Dagon sa Hoyohoy: A Review
When I watched the dance-drama “Dagon sa Hoyohoy”(Amulet of the Breeze) last Friday (December 16), I was convinced that Dagohoy—a Boholano hero—was indeed an icon to be emulated for his grit, strength, and nationalism. Retelling of Dagohoy’s story is important because he established an independent government for the island during the triumphant rebellion against Spanish colonizers which lasted from 1744 to 1829.
The hero’s lineage was undocumented, probably because of the Spaniards’ disinterest in recording the exploits of a man who humiliated them. A centenarian grandson of the brother of Dagohoy’s brother and successor—Placido Sensano—explained that Francisco Dagohoy was born in 1724 in Cambitoon, a barrio of Inabangan (now Inabanga). The hero’s surname was unknown; “Dagohoy” was believed to be a “num de guerre” chosen for a good reason, coming from the Boholano words dagon (amulet) and hoyohoy (breeze).
And why such a name? According to accounts, Dagohoy had an amulet necklace which gave him an advantage in battle. His supernatural powers endowed by the amulet could make him appear and disappear at will and jump from one riverside to another or from hilltop to hilltop—thus the attribution for a breeze because it was the characteristic of his “birtud”. He was eventually called “Dagangan” by his followers playing up his ability to glide among the hills.
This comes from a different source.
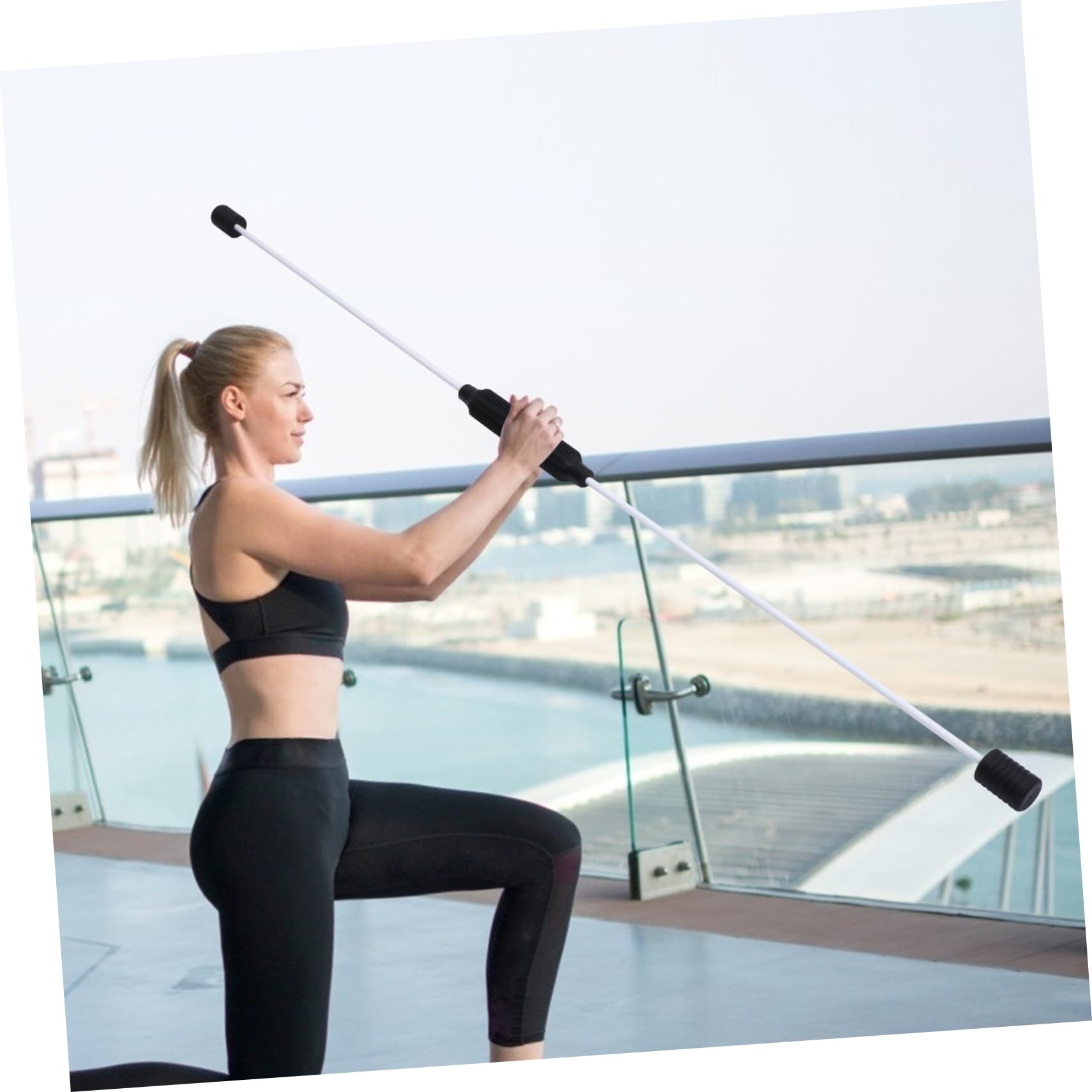 WHAMVOX Professional Household Fitness Elastic Bar Fitness Bar Muscle Trainer Versatile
Truly, a name has a meaning, so Dagohoy’s exploits could not just be brushed aside as a mere tale.
What sparked the hero’s rebellion against the Spaniards was Fr. Morales’ (a Spanish Friar) refusal to give a Christian burial for his brother Sagarino. Sagarino died because when he was sent to arrest a renegade Indio, the two had a duel which caused his death. He would not be given a proper burial because of the cause of death. The priest refused to bury Sagarino on consecrated ground as the corpse laid rotten for three days—an injustice that angered the hero. He then convinced 3,000 followers to abandon their homes and go with him in an inaccessible fortified place in the mountains. The rebellion spread like forest wildfires as the liberator emerged triumphant in all fronts.
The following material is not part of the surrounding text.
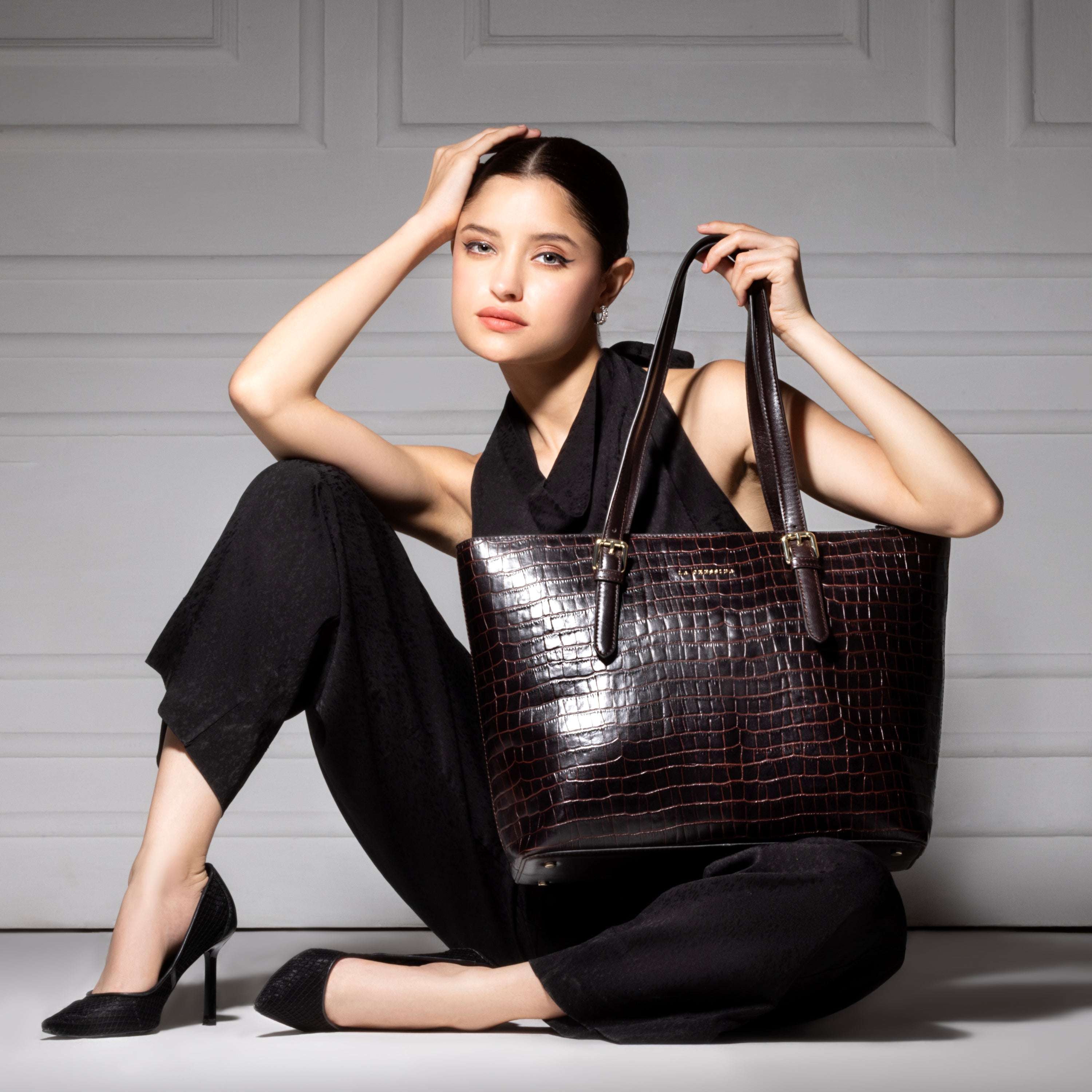 La Cressida Chocolate Brown Croco Leather Bag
Dagohoy was a master military strategist. He put his headquarters where enemies could not access through the cliffs and he could see them approaching far off.
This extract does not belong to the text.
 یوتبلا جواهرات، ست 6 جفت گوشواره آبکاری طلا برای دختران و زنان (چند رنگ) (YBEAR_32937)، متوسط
Behind the acclaimed Boholano musical-drama were Lutgardo Labad (production concept and direction), Marianito Luspo (playwright) and Elvis Somosot (composer). The performance toured in different schools in Tagbilaran and the U.S.
In terms of direction, choreography, lighting and costumes, the stage presentation was commendable. The cast did well in portraying their various roles. But one thing I expected as an audience: to see how the main character earned his name which means “dagon sa hoyohoy”. Although abridged, the musical dance-drama could have shown not just the tamban (folk healer) giving the amulet to the hero and some fighting forms choreographed by a Filipino martial artist.
I am sure the hero did not just earn the surname because of a piece of necklace bestowed and a passive belief that it possessed powers. How about showing Dagohoy riding with the wind as he jumps from cliff to cliff or hilltop to hilltop? One could be more persuaded by his supernatural abilities than agree with the modernist doubts because in history—as in any other social science field—we can establish reality based on constructivist intellectual tradition: an ontological position in research asserting that social phenomenon and their meanings are determined by the social actors and knowledge is not independent from the social actors whom researchers gather the data from. Let the modernist minds ask again: why did he earn that surname?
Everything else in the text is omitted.